By David P. Steensma, MD
2008-12-08
At the 2007 ASH annual meeting, the big news in myelodysplastic syndromes (MDS) treatment was the result of the multicenter AZA-001 trial, in which patients with higher-risk MDS randomized to receive the DNA methyltransferase inhibitor (DNMTI) azacitidine lived a median of nine months longer than those who received only conventional care. This year’s oral session on Myelodysplastic Syndromes: Clinical Studies: Genetic and Epigenetic Targets, to be held today at 7:00 a.m. (Room 304 South), will continue the theme of DNA methyltransferase inhibitors — the focus of six of the eight presentations.
Does decitabine, the other DNMTI currently available for treatment of MDS in the United States, also extend survival in higher-risk MDS, similarly to azacitidine? This question will be addressed this morning (7:00 a.m., Room 304 South) by Dr. Pierre Wijermans, from Den Haag in the Netherlands, who will discuss the results of the EORTC Leukemia and German MDS Groups’ 06011 trial, in which there was no survival difference between decitabine and supportive care in patients with MDS (abstract #226). Patients eligible for enrollment had either 11 percent to 30 percent marrow blasts or poor cytogenetics. “It is possible that study design differences accounted for these discordant results,” explained Dr. Wijermans. “Unlike AZA-001, in which patients were treated until disease progression and received a median of nine treatment cycles, patients in the 06011 study received a median of four cycles of decitabine, possibly not in the optimal schedule, and treatment was not continued beyond eight cycles. In addition, many patients in the control arm received intensive treatments subsequently.”
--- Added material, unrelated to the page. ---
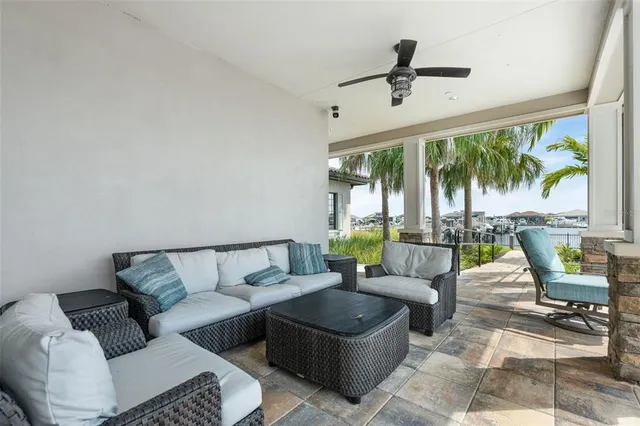 $800,000 | 2006 5th Street East, Palmetto, FL 34221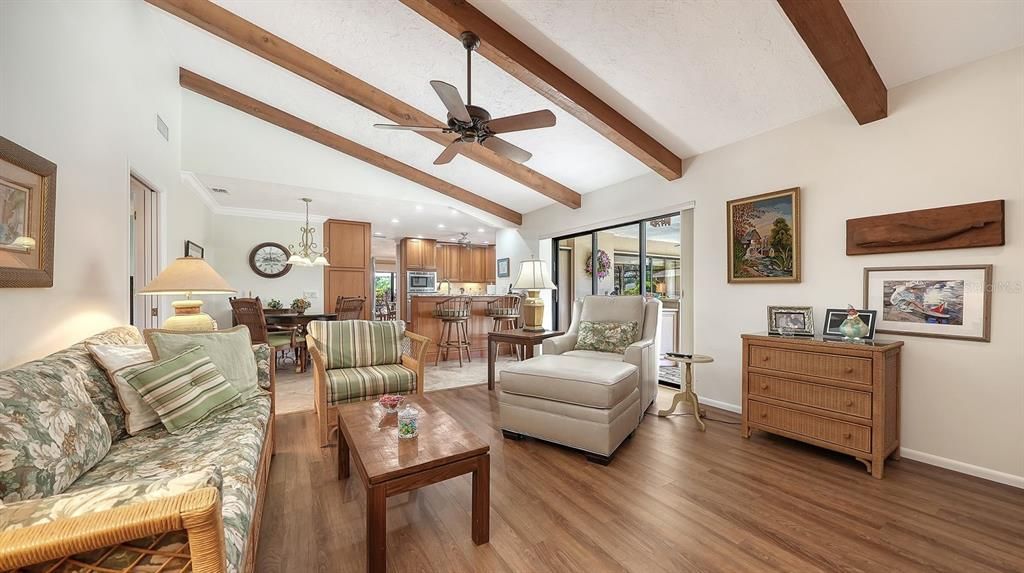 Active With Contract: $674,900 (3 beds, 3 baths, 2403 Square Feet)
Dr. Lewis Silverman, of Mount Sinai School of Medicine in New York, who led the pivotal CALGB 9221 study that prompted FDA approval of azacitidine for MDS in 2004, will also emphasize the importance of the number of DNMTI treatment cycles in his presentation of updated data from AZA-001 (abstract #227). “We’ve previously shown that a complete response (CR) is not necessary to get a survival benefit with azacitidine in MDS. Further analysis of the AZA-001 study indicates that 48 percent of patients who had an initial response achieved a better response with continued treatment, at a median of four cycles later. These data support the value of maintenance therapy,” Dr. Silverman reported.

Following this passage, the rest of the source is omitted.